1 For purposes of this motion to dismiss, the Court considers the factual allegations from the Complaint to be true. After the Bridgeport Police allegedly took Mr. Harris’ information, they allegedly “made out a warrant.” Id. B. Procedural History On April 15, 2024, Mr. Harris filed his Complaint in the Connecticut Superior Court for

the Judicial District of Bridgeport. See Officer’s Return, ECF No. 1-4 (May 6, 2024). On May 6, 2024, the Defendants filed their notice of removal for Mr. Harris’ action. Notice of Removal, ECF No. 1. On June 10, 2024, the Defendants filed a motion to dismiss. Mot. On June 17, 2024, Mr. Harris filed an objection to the Defendant’s motion to dismiss. Objection, ECF No. 17 (“Obj.”). On June 27, 2024, the Defendants filed a reply to Mr. Harris’ objection to the Defendant’s motion to dismiss. Reply, ECF No. 20 (“Reply”). On July 2, 2024, Mr. Harris filed sur-reply to the Defendants’ motion to dismiss. Objection, ECF No. 21 (“Sur-Reply”).

On July 16, 2024, the Defendants filed a motion to strike Mr. Harris’ sur-reply. Motion to Strike, ECF No. 22. On July 31, 2024, the Court denied the Defendant’s motion to strike. Order, ECF No. 24. II. STANDARD OF REVIEW A complaint must contain a “short and plain statement of the claim showing that the pleader is entitled to relief.” Fed. R. Civ. P. 8(a). Any claim that fails “to state a claim upon which relief can be granted” will be dismissed. Fed. R. Civ. P. 12(b)(6). In reviewing a complaint under Rule 12(b)(6), a court applies a “plausibility standard” guided by “[t]wo working principles.” Ashcroft v. Iqbal, 556 U.S. 662, 678 (2009). First, “[t]hreadbare recitals of the elements of a cause of action, supported by mere conclusory statements, do not suffice.” Id.; see also Bell Atl. Corp. v.
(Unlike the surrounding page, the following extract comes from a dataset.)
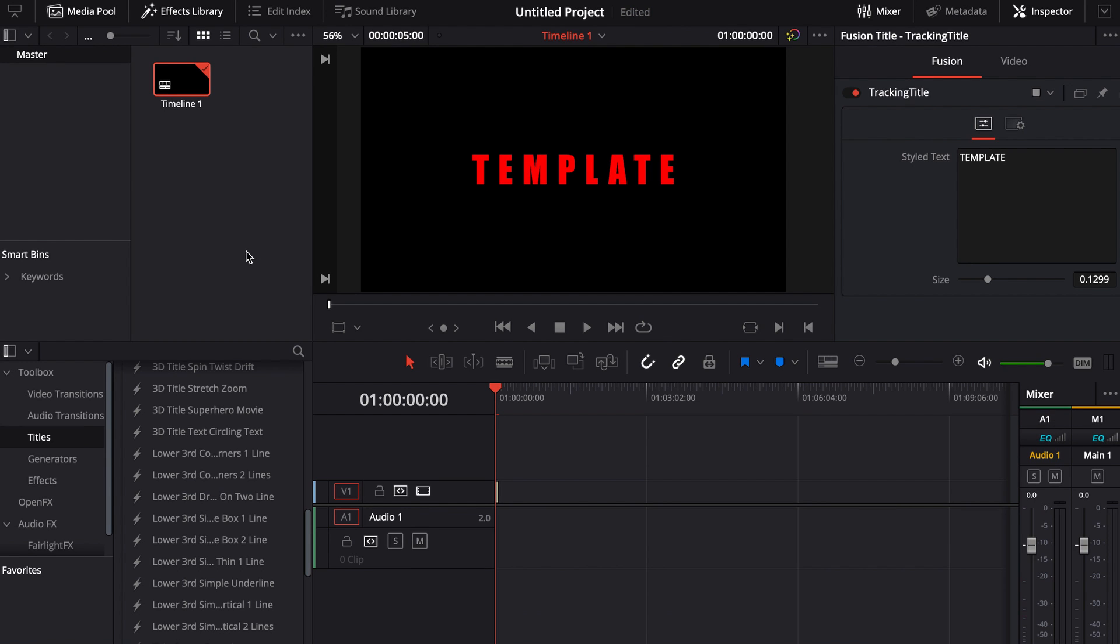So for whatever reason, mine didn't automatically update, which that may have just been a bug or I'm not sure what that was. And you might have to do this where you have to close completely out of DaVinci Resolve and then come back into DaVinci Resolve.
Twombly, 550 U.S. 544, 555 (2007) (“While a complaint attacked by a Rule 12(b)(6) motion to dismiss does not need detailed factual allegations, a plaintiff's obligation to provide the ‘grounds’ of his ‘entitle[ment]

to relief’ requires more than labels and conclusions, and a formulaic recitation of the elements of a cause of action will not do.” (alteration in original) (citations omitted)). Second, “only a complaint that states a plausible claim for relief survives a motion to dismiss.” Iqbal, 556 U.S. at 679. Thus, the complaint must contain “factual amplification ... to render a claim plausible.” Arista Records LLC v. Doe 3, 604 F.3d 110, 120 (2d Cir. 2010) (quoting Turkmen v. Ashcroft, 589 F.3d 542, 546 (2d Cir. 2009)). When reviewing a complaint under Federal Rule of Civil Procedure 12(b)(6), the court takes all factual allegations in the complaint as true. Iqbal, 556 U.S. at 678. The court also views the allegations in the light most favorable to the plaintiff and draws all inferences in the plaintiff's favor. Cohen v. S.A.C. Trading Corp., 711 F.3d 353, 359 (2d Cir. 2013); see also York

v. Ass'n of the Bar of N.Y.C., 286 F.3d 122, 125 (2d Cir. 2002) (“On a motion to dismiss for failure to state a claim, we construe the complaint in the light most favorable to the plaintiff, accepting the complaint's allegations as true.”). A court considering a motion to dismiss under Rule 12(b)(6) generally limits its review “to the facts as asserted within the four corners of the complaint, the documents attached to the complaint as exhibits, and any documents incorporated in the complaint by reference.” McCarthy v. Dun & Bradstreet Corp., 482 F.3d 184, 191 (2d Cir. 2007). A court may also consider “matters of which judicial notice may be taken” and “documents either in plaintiffs’ possession or of which plaintiffs had knowledge and relied on in bringing suit.” Brass v. Am. Film Techs., Inc., 987 F.2d 142, 150 (2d Cir. 1993); Patrowicz v. Transamerica HomeFirst, Inc., 359 F. Supp. 2d 140, 144 (D. Conn. 2005). Complaints filed by pro se plaintiffs, however, “must be construed liberally and interpreted to raise the strongest arguments that they suggest.” Sykes v. Bank of Am., 723 F.3d

399, 403 (2d Cir. 2013) (quoting Triestman v. Fed. Bureau of Prisons, 470 F. 3d 471, 474 (2d Cir.